** What is being asked **
An exact transcription of the lines from the one holding "Shiga Museum of Art Reopening" to the end of the entries below, and nothing more, is the required answer. Please omit the pictures.

[Scraped caption text data]

□ □ □ □ □

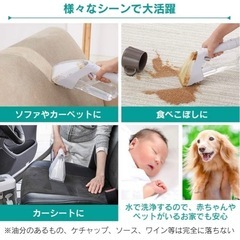 ◆カーペットを水洗いできるクリーナーしかく◆アイリスオーヤマ　の画像
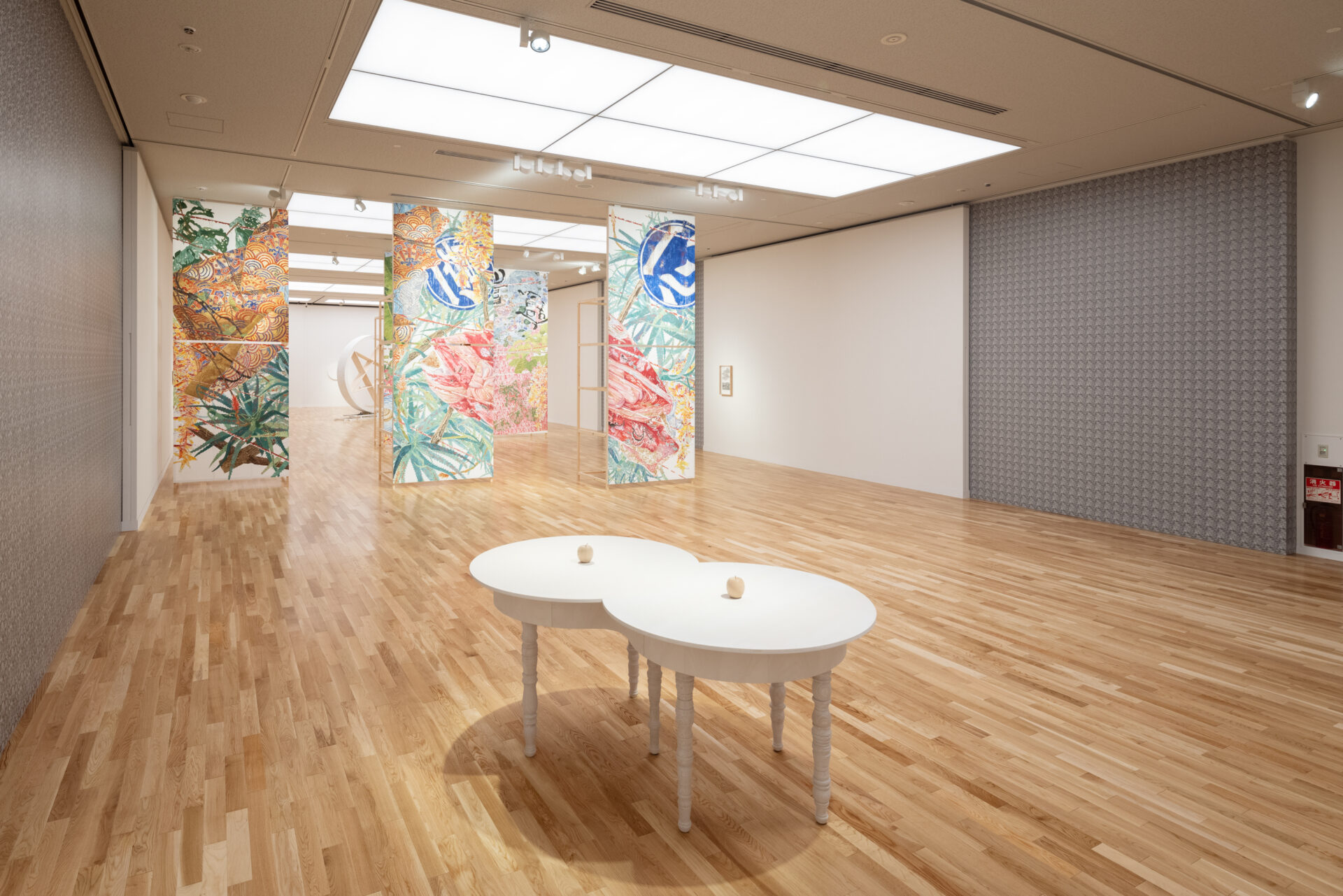 Shiga Museum of Art Reopening Memorial Exhibition | Soft Territory – Lights of Connection, Shiga Museum of Art, 2021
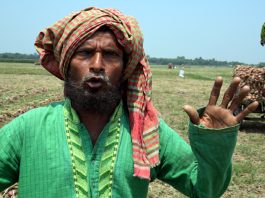 ষাঁড় বিক্রির টাকায় পেঁয়াজ চাষ করে বাছুরও কিনতে পারবে না আবু জাফর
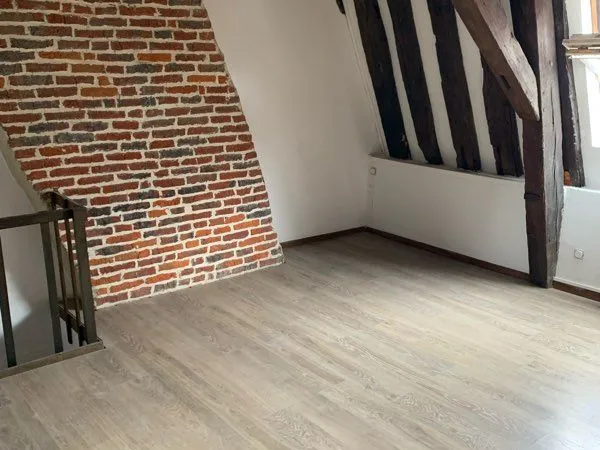 Magnifique duplex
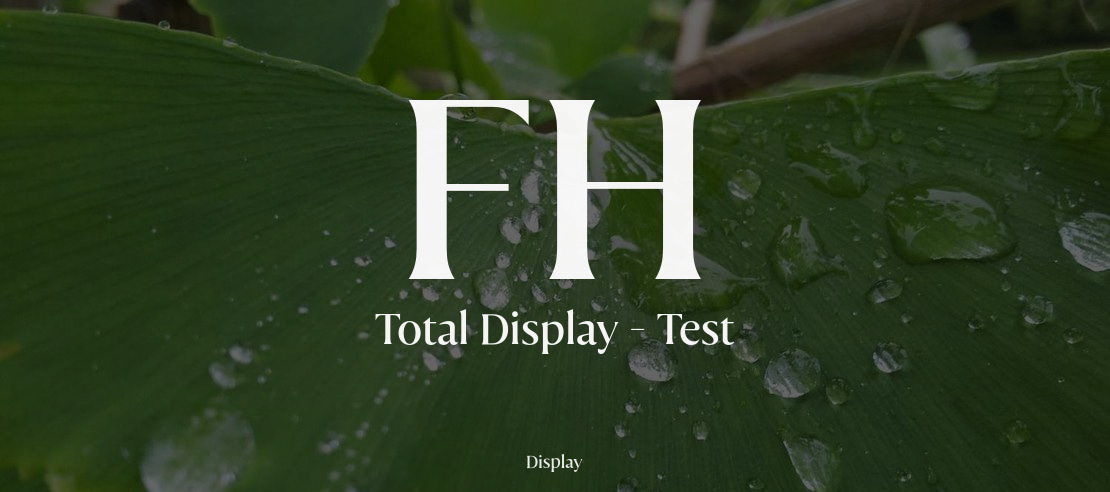 FH Total Display - Test Font Family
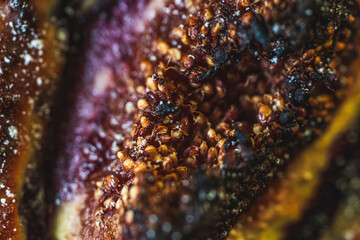 Background with the texture of baked figs, close-up. Macro photography.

□ □ □ □ □

** Answer **
 Shiga Museum of Art Reopening Memorial Exhibition | Soft Territory – Lights of Connection, Shiga Museum of Art, 2021
 ষাঁড় বিক্রির টাকায় পেঁয়াজ চাষ করে বাছুরও কিনতে পারবে না আবু জাফর
 Magnifique duplex
 FH Total Display - Test Font Family
 Background with the texture of baked figs, close-up. Macro photography.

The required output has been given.